(PROBLEM):
Start at the line in the entries below that contains "Orijinal, modası geçmiş", stop at the line that contains "40V Cordless Leaf", and output exactly the lines in that span, both ends included.

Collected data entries
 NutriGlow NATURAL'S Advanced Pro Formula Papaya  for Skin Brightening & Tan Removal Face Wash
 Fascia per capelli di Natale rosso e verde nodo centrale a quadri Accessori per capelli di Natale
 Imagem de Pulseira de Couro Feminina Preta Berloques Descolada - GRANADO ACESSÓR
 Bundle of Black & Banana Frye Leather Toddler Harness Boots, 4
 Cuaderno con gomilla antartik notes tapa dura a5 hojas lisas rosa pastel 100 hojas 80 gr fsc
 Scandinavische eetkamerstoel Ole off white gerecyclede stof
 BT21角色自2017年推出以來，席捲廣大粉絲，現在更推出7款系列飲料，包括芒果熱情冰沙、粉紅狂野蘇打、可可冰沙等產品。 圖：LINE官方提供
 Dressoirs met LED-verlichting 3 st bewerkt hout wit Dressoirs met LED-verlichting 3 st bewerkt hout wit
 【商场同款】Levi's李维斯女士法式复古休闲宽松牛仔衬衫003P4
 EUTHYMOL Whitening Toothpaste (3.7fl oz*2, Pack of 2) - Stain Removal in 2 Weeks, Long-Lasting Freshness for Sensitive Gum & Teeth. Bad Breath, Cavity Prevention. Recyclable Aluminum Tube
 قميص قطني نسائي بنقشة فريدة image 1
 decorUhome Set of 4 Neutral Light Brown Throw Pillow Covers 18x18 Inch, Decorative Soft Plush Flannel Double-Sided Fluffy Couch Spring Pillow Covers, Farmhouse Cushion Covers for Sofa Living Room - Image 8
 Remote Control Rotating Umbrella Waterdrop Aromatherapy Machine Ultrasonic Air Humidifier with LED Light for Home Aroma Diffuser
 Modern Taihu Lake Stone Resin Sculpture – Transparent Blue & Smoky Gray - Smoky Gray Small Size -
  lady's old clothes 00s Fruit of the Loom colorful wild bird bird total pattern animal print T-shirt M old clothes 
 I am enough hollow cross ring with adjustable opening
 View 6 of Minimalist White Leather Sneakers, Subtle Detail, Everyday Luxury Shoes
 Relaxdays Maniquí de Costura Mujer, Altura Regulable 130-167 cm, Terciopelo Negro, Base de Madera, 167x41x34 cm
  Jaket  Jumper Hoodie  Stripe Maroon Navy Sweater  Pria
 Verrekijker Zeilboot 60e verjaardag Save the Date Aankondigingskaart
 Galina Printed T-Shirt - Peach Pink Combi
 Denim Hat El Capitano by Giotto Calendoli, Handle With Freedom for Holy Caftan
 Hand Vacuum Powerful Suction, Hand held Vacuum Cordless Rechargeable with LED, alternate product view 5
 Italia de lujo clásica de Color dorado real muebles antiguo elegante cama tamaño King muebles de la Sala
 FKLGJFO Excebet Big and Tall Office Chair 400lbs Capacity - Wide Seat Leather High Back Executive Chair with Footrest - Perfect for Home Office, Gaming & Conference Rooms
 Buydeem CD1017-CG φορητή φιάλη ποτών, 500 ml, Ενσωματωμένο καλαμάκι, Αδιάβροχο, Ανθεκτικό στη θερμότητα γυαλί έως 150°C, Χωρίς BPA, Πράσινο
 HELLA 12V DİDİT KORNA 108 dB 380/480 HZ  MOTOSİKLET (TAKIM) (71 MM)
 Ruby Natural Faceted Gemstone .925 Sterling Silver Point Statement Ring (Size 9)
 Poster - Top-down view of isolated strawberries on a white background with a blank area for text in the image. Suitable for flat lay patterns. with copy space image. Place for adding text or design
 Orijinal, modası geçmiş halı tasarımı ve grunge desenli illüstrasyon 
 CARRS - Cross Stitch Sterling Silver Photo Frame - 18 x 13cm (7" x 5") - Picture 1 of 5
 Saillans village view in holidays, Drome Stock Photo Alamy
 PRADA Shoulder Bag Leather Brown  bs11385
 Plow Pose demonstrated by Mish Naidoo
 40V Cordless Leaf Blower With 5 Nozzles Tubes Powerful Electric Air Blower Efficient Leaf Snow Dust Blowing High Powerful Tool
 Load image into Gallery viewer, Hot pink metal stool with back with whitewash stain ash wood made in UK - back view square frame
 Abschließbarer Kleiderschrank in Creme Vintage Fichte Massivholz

(RESULT OF THIS TASK):
 Orijinal, modası geçmiş halı tasarımı ve grunge desenli illüstrasyon 
 CARRS - Cross Stitch Sterling Silver Photo Frame - 18 x 13cm (7" x 5") - Picture 1 of 5
 Saillans village view in holidays, Drome Stock Photo Alamy
 PRADA Shoulder Bag Leather Brown  bs11385
 Plow Pose demonstrated by Mish Naidoo
 40V Cordless Leaf Blower With 5 Nozzles Tubes Powerful Electric Air Blower Efficient Leaf Snow Dust Blowing High Powerful Tool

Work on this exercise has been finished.